A bear market is defined as a period of time when the market starts experiencing a substantial decline in the price of cryptocurrency or stock. This is usually caused by a recession, high unemployment rates, political instability or a combination of any or all of these things.

A Crypto bear market is one in which the value of cryptocurrencies falls by at least 20% or more from recent highs and continues to decline owing to widespread pessimism and poor market sentiment.


Warning signs of a Crypto bear market?

Here are some warning signs of a crypto bear market that every trader or investor should be aware of:

• Lower trading volume: The lower trading volume means that because of the uncertainty of the market, people have started holding their coins.

• Negative sentiments: These refer to the general outlook or overall attitude of the investors towards a particular cryptocurrency. For instance, in 2017, when JPMorgan CEO Jamie Dimon called Bitcoin a fraud (just months before it reached $20,000 per unit), it crashed promptly.

• Death cross: It is a chart pattern that indicates when a security short-term moving average (50 days) drops below its longer-term moving average (200 days).

• Backwardation: Backwardation is when the current price of an asset is higher than the price of the asset in the future market.

• Changes in the central bank fund rates: The central bank funds rate is the target interest rate set by the central bank of the country at which all the other banks lend/borrow their excess reserves overnight.

Different phases of a Crypto bear market

A crypto bear market typically consists of 4 different phases:

• First phase: The first phase is characterized by high prices, after which the investors begin to exit the markets and collect profits.

• Second phase: When the company earnings, asset prices and trading activity decline, along with previously optimistic economic indicators, it marks the second phase.
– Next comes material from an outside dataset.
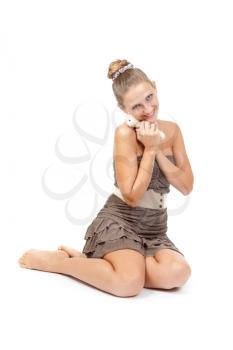 Beautiful girl with a teddy bear sitting on the floor. Isolate on white background.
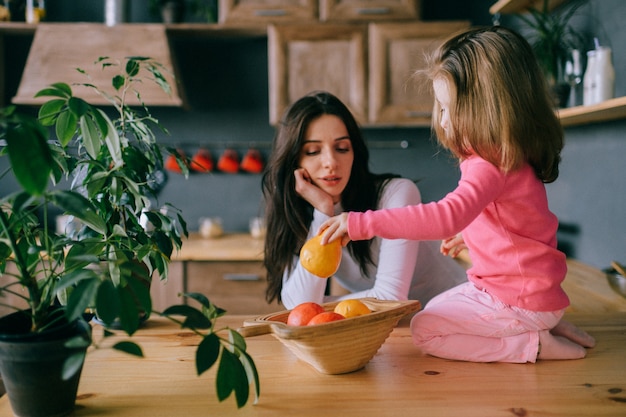 Giovane donna adorabile che gioca con la sua piccola figlia divertente in cucina.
As the situation gets worse, many investors start panicking, a condition called a capitulation.

• Third phase: This phase shows the entrance of speculators into the market, thereby driving up prices and trade volume.

• Fourth phase (Last phase): After a marginal increase in the third phase because of the speculators, in the fourth phase, crypto prices continue to drop but more slowly. As the investors get attracted by the low crypto prices and upbeat news, bear markets eventually start to turn into bull markets.

The Causes of a Bear Market

The causes of a bear market often vary, but in general, it often strikes before or after the economy’s recession. Investors carefully monitor the signs of a weak or sluggish economy, such as low employment, low disposable income, weak productivity, and a drop in business profits. Additionally, a bear market can also get triggered if a government intervenes in the economy.

A bear market indicates that there will be more unemployment and more challenging economic circumstances in the future.


Final Thoughts: The End of Bear Market

Although it is challenging to predict the time limit needed for the end of a bear market, it is clear that bear crypto markets are driven by many factors, both positive and negative.